The menu comprises rice, dal, chapati, sabzi, channa, a salad and a dessert, usually kheer such as lauki ki kheer, sheera or both (the variety of vegetable curry and kheer changes from day to day depending on the menu and the ingredients on hand). The dal is usually the utterly delicious langar wali dal. One room, fitted with huge cauldrons seated on ovens fuelled by wood fire, is set aside for making dal. In each cauldron, 400 kg of dal is slow cooked for about three hours with onions, garlic, 12 kg of masala, 12 kg haldi (turmeric powder), 24 kg salt and 48 kg ghee. Periodically, the dal is stirred using a long rod but is otherwise left to cook undisturbed.

Most of the work at the kitchens is manual.

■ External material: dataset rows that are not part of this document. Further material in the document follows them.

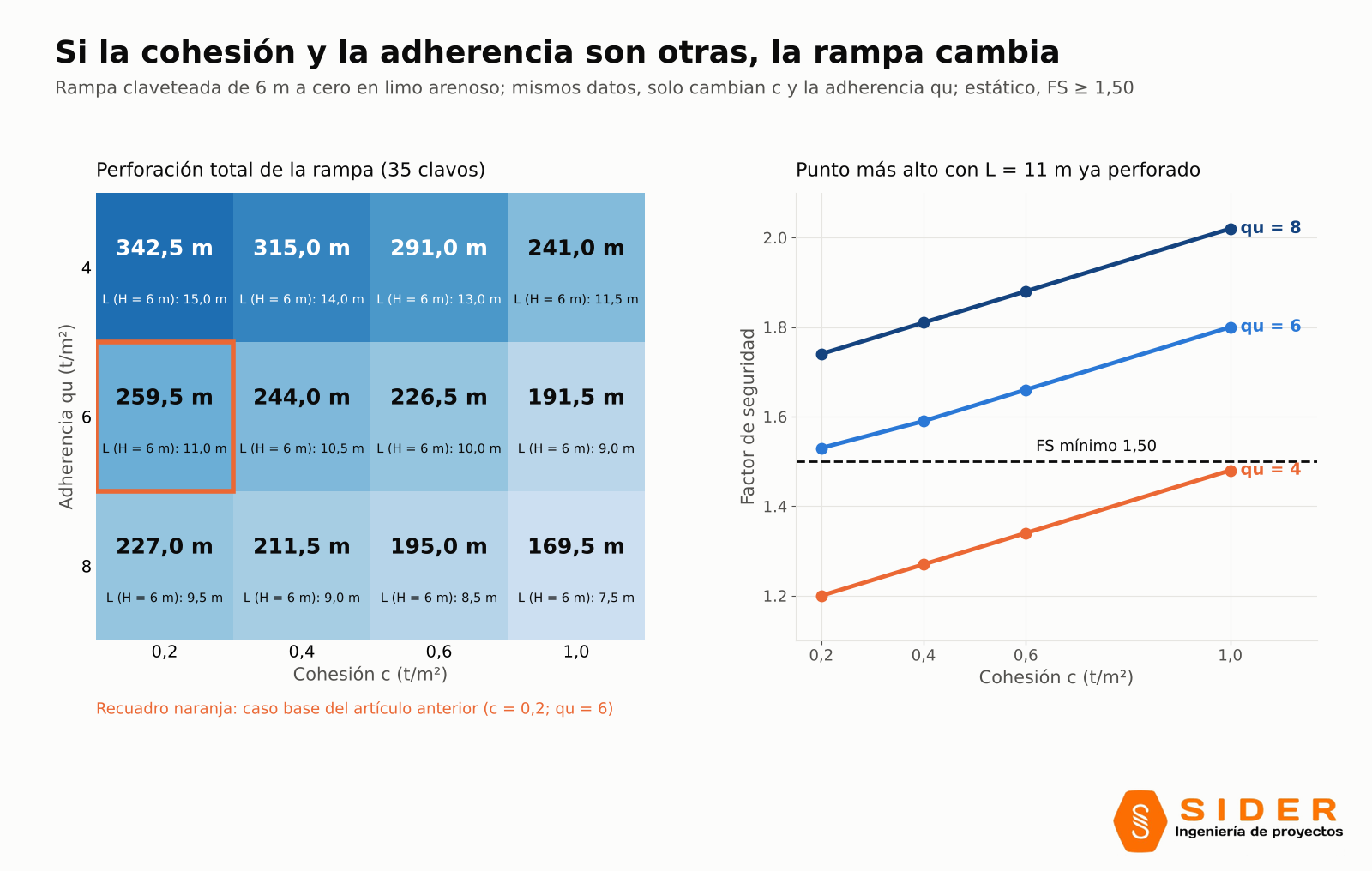 Qué pasa con la rampa claveteada si la cohesión y la adherencia son otras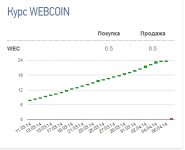 httpswebcoinpay.netwebcoin - Opera.jpg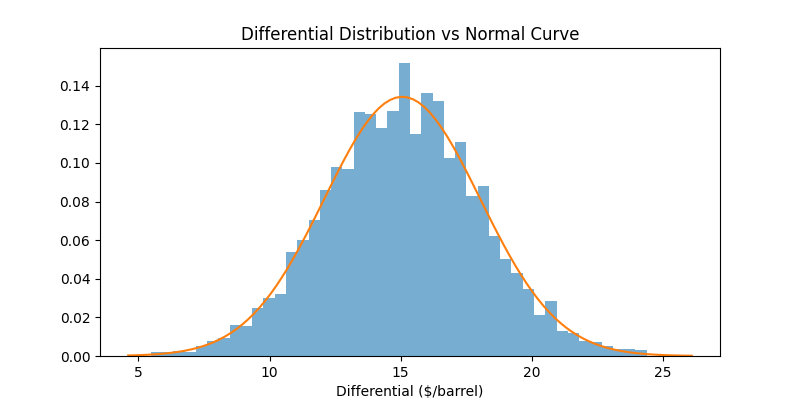 Differential Distribution vs Normal Curve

There are three chapatti-making machines with conveyor belts, each with a capacity to turn out 4,000 chapati per hour. However, as service is integral to the langar, these machines are used only when there are very large numbers to be fed. Women volunteers manually make chapati on normal days and supplement the machines on high traffic days. The women roll out the chapati with speed and dexterity, on an assembly line system. One set rolls the rotis, another group, usually men sewadars, tend to them on the huge hot plate, flipping them over with a long rod. A third applies a little ghee on each roti with the help of a bit of cloth tied to a stick and dipped in the bowl of ghee.

On festivals and special days such as Gurupurub and Diwali, additional items may be added to the menu. Jalebis are a highlight on Baisakhi.

The annual budget for the temple has been recorded as Rs 1,106 crore for 2017-18. About Rs 30 crore is set aside for the langar (Rs 12 lakh per day for normal days and Rs 16 lakh per day on festival days), with about 25 per cent of the materials required being offerings by devotees. A procurement team and manager plan, purchase and arrange the logistics for the rest of the materials. A small fleet of vehicles pick up the material from the entrance to the city, as the roads leading to the langar complex are too narrow to permit large trucks and lorries. Firewood and gas fuel the kitchen, supported by the electricity-run chapati makers. About 5,000 kg of firewood and 100 LPG gas cylinders are used every day. The ghee used is pure desi ghee and it gives the food a special aroma and taste. Atta to the tune of 10,000-12,000 kg; 10,000-13,000 kg of dal; 1,000-1,500 kg rice; 2,000 kg of vegetables; 500-700 kg ghee; 1,000 kg sugar and 5,000 litres of milk are consumed every day. At least 750 kg of dry milk powder is used for kheer per day.